Problem to solve -> The entire listing is to be repeated verbatim.

Source data START

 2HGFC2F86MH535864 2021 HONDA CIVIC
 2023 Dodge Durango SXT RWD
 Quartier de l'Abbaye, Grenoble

Source data END

Reply ->
 2HGFC2F86MH535864 2021 HONDA CIVIC
 2023 Dodge Durango SXT RWD
 Quartier de l'Abbaye, Grenoble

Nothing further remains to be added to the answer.